Population (April 2011)
- • Total: 2,979
- • Density: 27.21/km^{2} (70.46/sq mi)
- Time zone: UTC+2 (EET)
- • Summer (DST): UTC+3 (EEST)
- Website: obshtina-novoselo.com

= Novo Selo Municipality, Bulgaria =

Novo Selo Municipality (Община Ново село) is a frontier municipality (obshtina) in Vidin Province, Northwestern Bulgaria, located along the right bank of Danube river in the Danubian Plain. It is named after its administrative centre - the village of Novo Selo. The area borders on Romania beyond the Danube to the north.

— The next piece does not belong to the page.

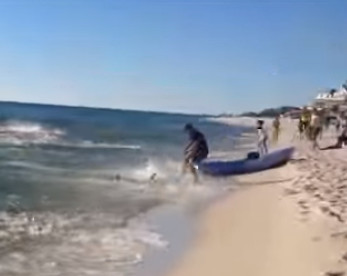 Vídeo mostra mais de 50 tubarões se alimentando perto de areia de praia cheia de banhistas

The municipality embraces a territory of 109.5 km2 with a population of 2,979 inhabitants, as of the April 2011 census.

== Settlements ==

Novo Selo Municipality includes the following 5 places all of them villages:

| Town/Village | Cyrillic | Population |
|---|---|---|
| Novo Selo | Ново село | 1,015 |
| Florentin | Флорентин | 352 |
| Negovanovtsi | Неговановци | 398 |
| Vinarovo | Винарово | 755 |
| Yasen | Ясен | 259 |
| Total |  | 2,979 |

== Demography ==
The following table shows the change of the population during the last four decades.

Novo Selo Municipality
| Year | 1975 | 1985 | 1992 | 2001 | 2005 | 2007 | 2009 | 2011 |
| Population | 7,187 | 5,753 | 5,218 | 4,206 | 3,733 | 3,588 | 3,381 | 2,979 |
Sources: Census 2001, Census 2011, „pop-stat.mashke.org“,

===Age structure===
The municipality of Novo Selo has a fastly ageing population. As of December 2018 the share of elderly people (aged 65+) reached 43.4%, up from 41.7% in 2011. The share of children aged up to 14 years old declined from 8.6% tot 8.4% in the same period.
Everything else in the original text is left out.